▶ [Problem details]: Transcribe exactly the lines that fall between the one holding "Modernes Wandkunstwerk aus Makramee und Holz" and the one holding "Logitech Rugged Folio", inclusive, from the entries below.

▶ [Data shown]:
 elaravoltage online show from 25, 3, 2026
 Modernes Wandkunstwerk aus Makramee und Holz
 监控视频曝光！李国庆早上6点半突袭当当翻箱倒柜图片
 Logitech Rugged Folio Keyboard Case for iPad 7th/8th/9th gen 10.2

--

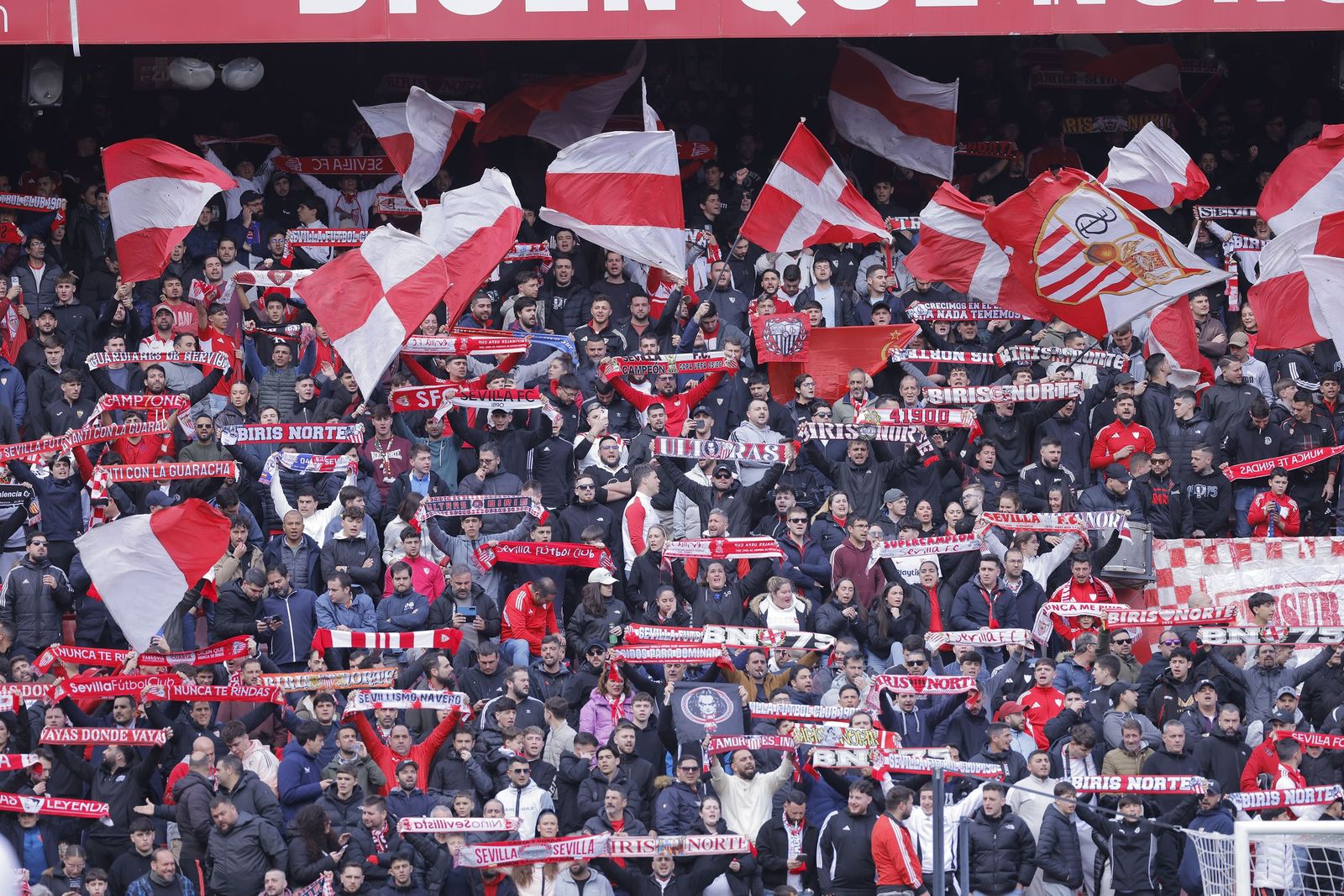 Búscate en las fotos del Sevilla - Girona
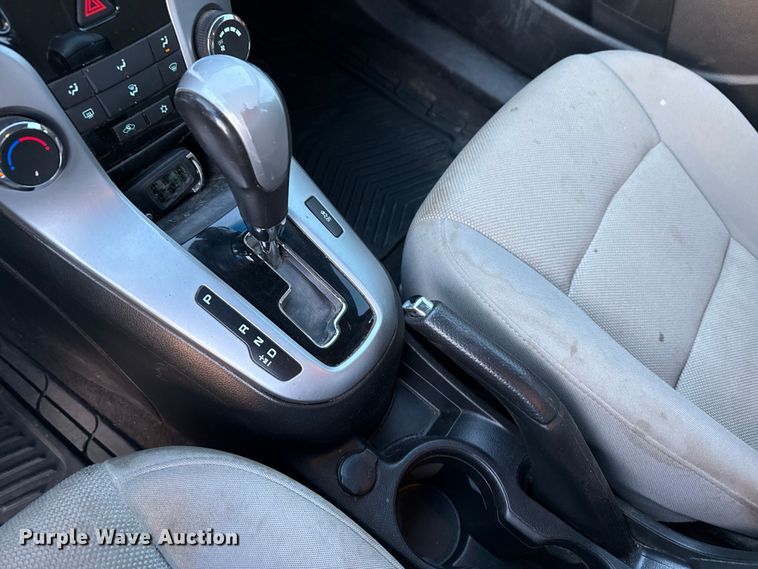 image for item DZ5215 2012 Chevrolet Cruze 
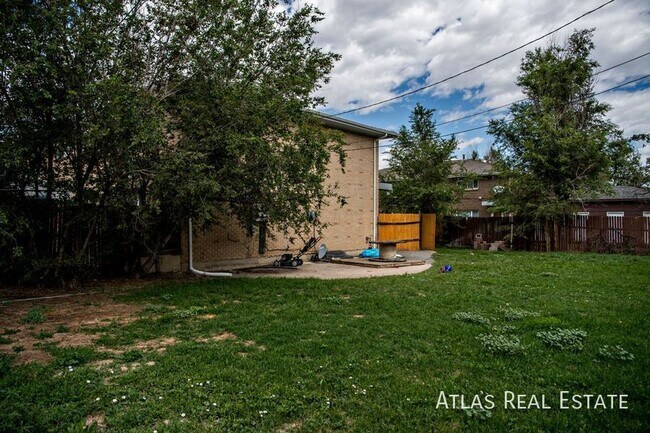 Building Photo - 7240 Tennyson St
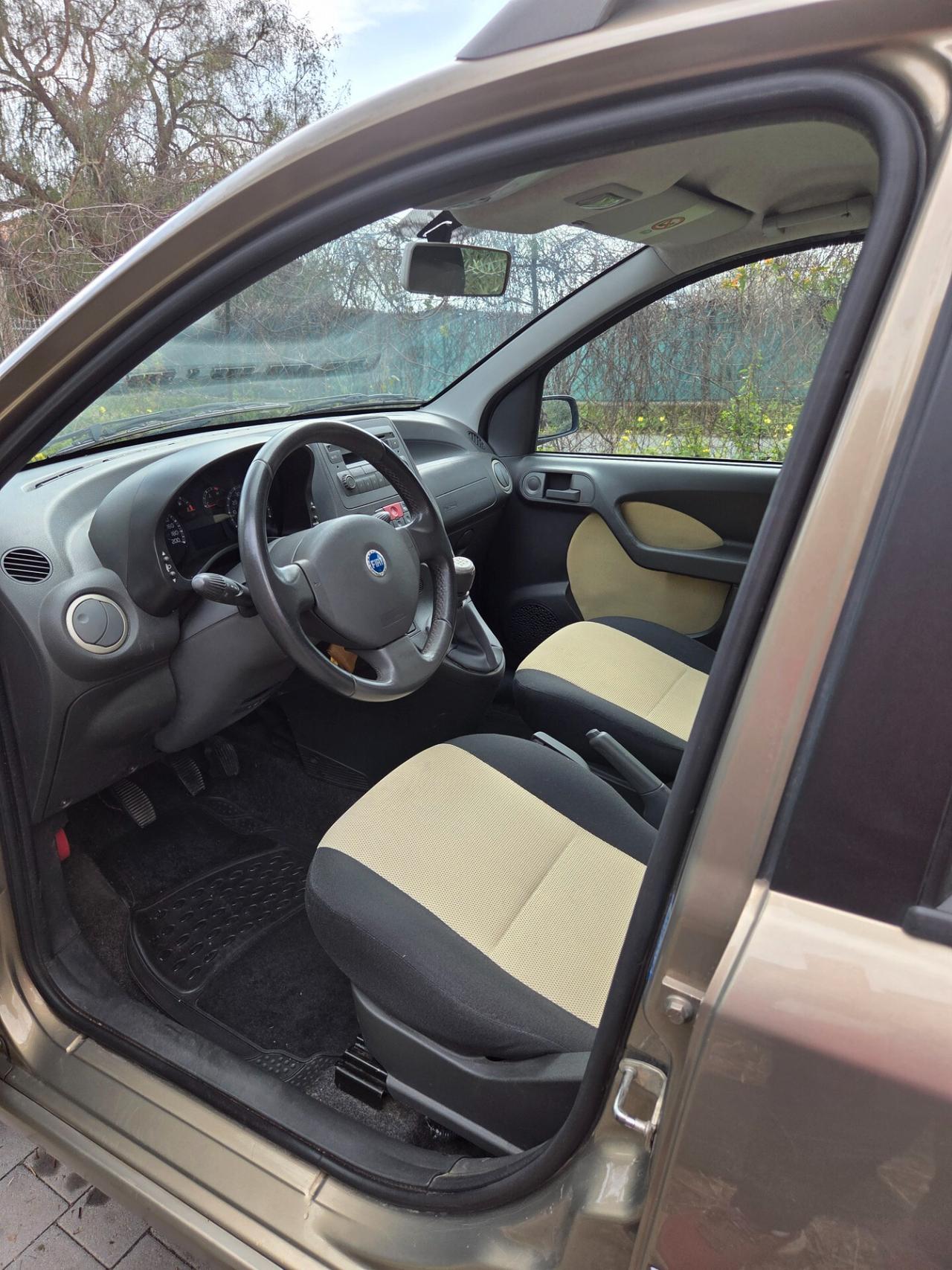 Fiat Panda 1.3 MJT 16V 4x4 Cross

▶ [Expected answer]:
 Modernes Wandkunstwerk aus Makramee und Holz
 监控视频曝光！李国庆早上6点半突袭当当翻箱倒柜图片
 Logitech Rugged Folio Keyboard Case for iPad 7th/8th/9th gen 10.2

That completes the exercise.